Pero oí que el policía estaba hablando con otra persona.
«Perdone, ¿me está escuchando?», pregunté.
«Sí, sí, es que tengo que atender a todos, ¿sabe?»
«Mire, yo sólo trataba de ayudar, pero si no quiere escucharme, pues colgamos y en paz».
«¡Cuéntemelo si le da la gana! Pero si se va a poner así…»
«Pero ¿cómo que si me voy a poner así? Encima que les llamo, parece que me esté riñendo»
¡¡¡¡¡Y me colgó!!!!
Hace muchos años denuncié a un conocido bar de Barcelona que hay
detrás del Ayuntamiento. Dicen que era muy frecuentado por Pasqual
Maragall. Descubrí que tenían unos espejos en los
retretes que, en realidad, eran cristales transparentes, como los que
usa la policía para las ruedas de reconocimiento.

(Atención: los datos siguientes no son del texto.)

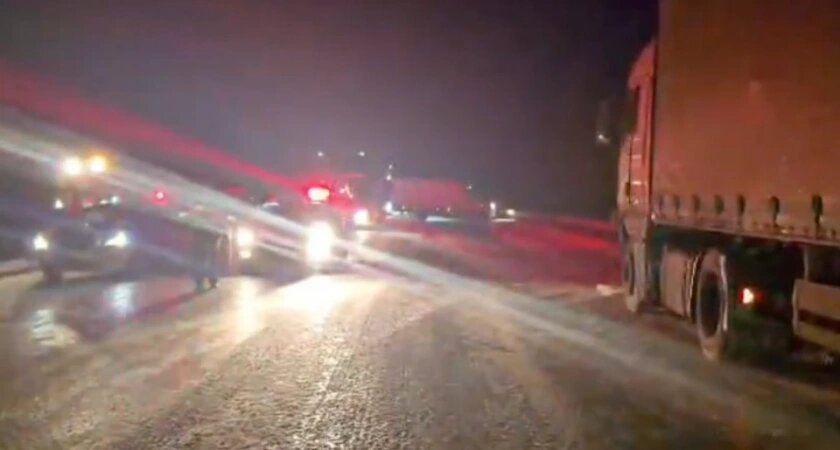    В Иркутской области легковой автомобиль столкнулся с грузовиком: погибли трое детей и водитель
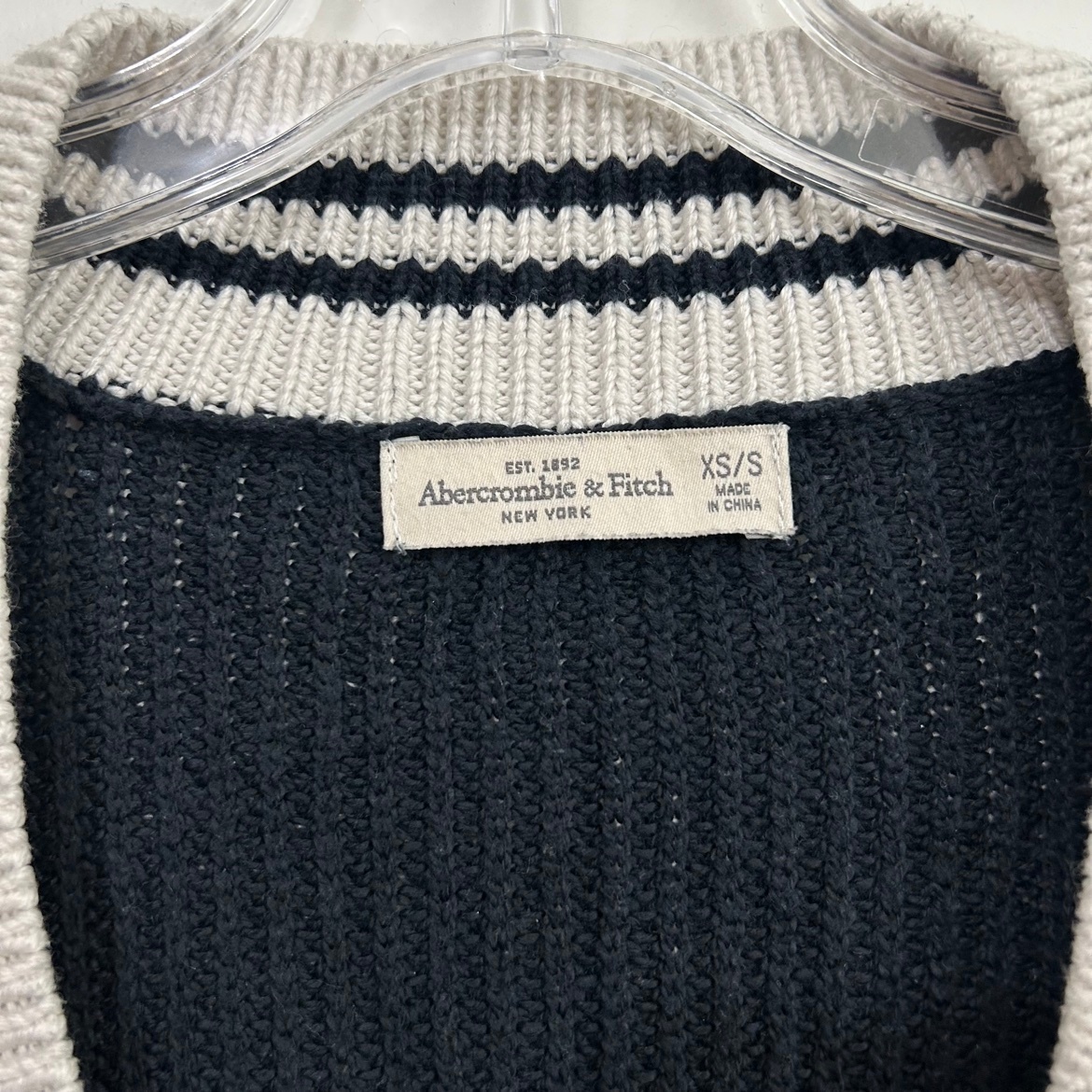 Abercrombie & Fitch V-Neck Cricket Sweater – Black, XS/S - photo 3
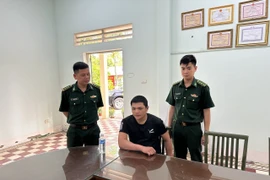 Bàn giao đối tượng liên quan vụ giết người, lẩn trốn ở Campuchia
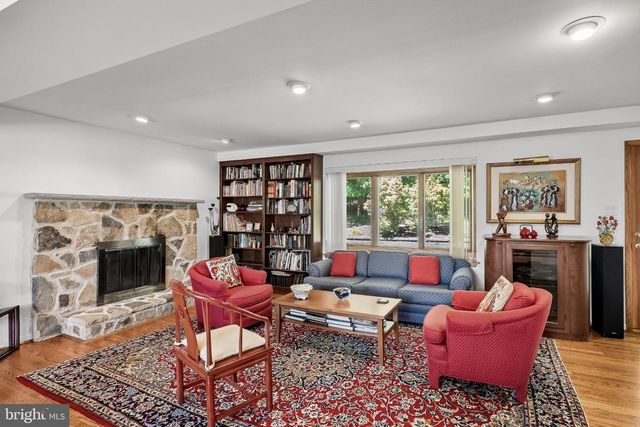 1024 BOBWHITE DR, Cherry Hill, NJ 08003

O sea, que los camareros veían perfectamente todo lo que ocurría dentro
de los servicios cuando la luz estaba encendida. Y eso explicaba muchas
idas y venidas por esa puerta donde rezaba “Sólo Personal”. Al poner la
denuncia, la policía me hizo la misma pregunta que hoy: «¿Usted ha
visto a estas personas mirar por ese cristal?» Por cierto, aunque en
aquel caso se presentaron inmediatamente dos coches patrulla para
comprobarlo, me han dicho que el
cristal sigue en el mismo sitio.
Y el joven del tranvía, seguramente, estará
vendiendo su botín.
Y yo no volveré a llamar al 112.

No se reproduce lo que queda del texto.